In der Bibel kommen — je nach Übersetzung — immer wieder Posaunen vor:
Im Alten Testament:
Mose 19,16 (Gotteserscheinung am Sinai): «Es geschah am dritten Tag […] da erhob sich ein Donnern und Blitzen und eine dichte Wolke auf dem Berge, und der Ton einer sehr starken Posaune.»

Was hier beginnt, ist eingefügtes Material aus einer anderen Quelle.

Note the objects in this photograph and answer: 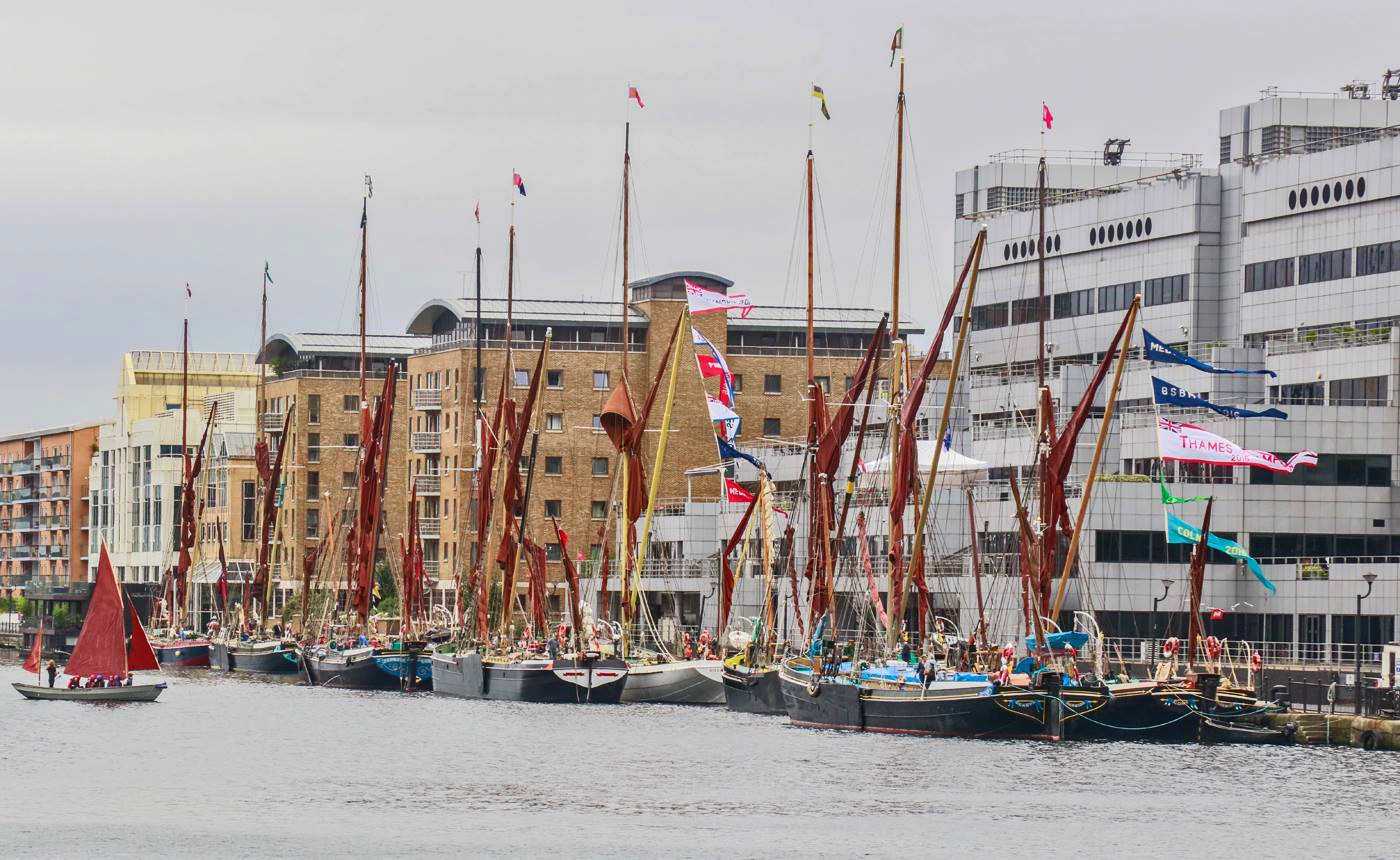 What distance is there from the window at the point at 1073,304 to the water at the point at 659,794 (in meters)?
51.7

Joel 2,1 (Prophetischer Gerichtsruf): «Stoßt die Posaune auf dem Zion und ruft laut auf meinem heiligen Berge!»
Im Neues Testament:
Korinther 15,52 (Auferstehung der Toten): «[…] in einem Augenblick, bei der letzten Posaune; denn die Posaune wird erschallen, und die Toten werden auferweckt werden.»
Thessalonicher 4,16 (Wiederkunft Christi): «[…] denn der Herr selbst wird […] mit der Posaune Gottes herabkommen vom Himmel.»

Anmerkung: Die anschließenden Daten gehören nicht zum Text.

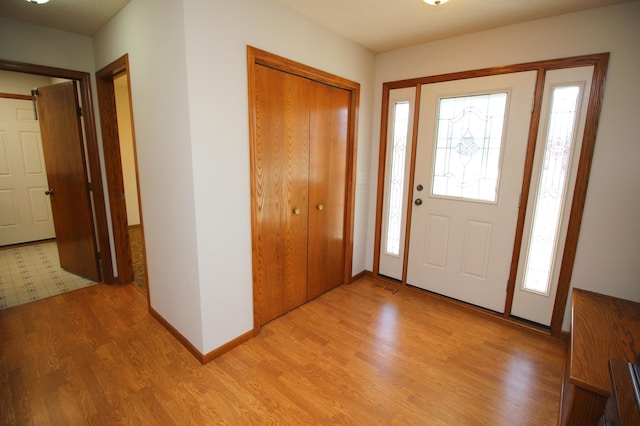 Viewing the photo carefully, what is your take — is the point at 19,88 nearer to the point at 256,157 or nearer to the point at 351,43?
the point at 256,157

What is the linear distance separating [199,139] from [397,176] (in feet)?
6.53

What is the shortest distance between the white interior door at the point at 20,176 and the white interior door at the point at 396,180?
4794mm

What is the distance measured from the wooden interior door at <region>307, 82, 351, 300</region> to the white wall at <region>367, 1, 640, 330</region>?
1368 millimetres

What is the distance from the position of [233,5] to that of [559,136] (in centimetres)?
243

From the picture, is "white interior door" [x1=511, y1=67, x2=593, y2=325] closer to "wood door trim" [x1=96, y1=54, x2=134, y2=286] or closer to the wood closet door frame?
the wood closet door frame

Offenbarung 8–11 (Die sieben Posaunen der Engel): «Jede der sieben Posaunen bringt ein neues Gericht über die Erde.
Und die berühmten ‹Posaunen von Jericho›, welche die Mauern der alten kanaanitischen Stadt zum Einsturz gebracht haben sollen, sind sogar sprichwörtlich geworden.
Nun sind die Posaunen aber in der lateinischen Bibel Hörner (‹cornua›), in der italienischen und englischen sogar Trompeten (‹trombe› beziehungsweise ‹trumpets›) — aber immerhin bleibt man noch brav im Blechregister.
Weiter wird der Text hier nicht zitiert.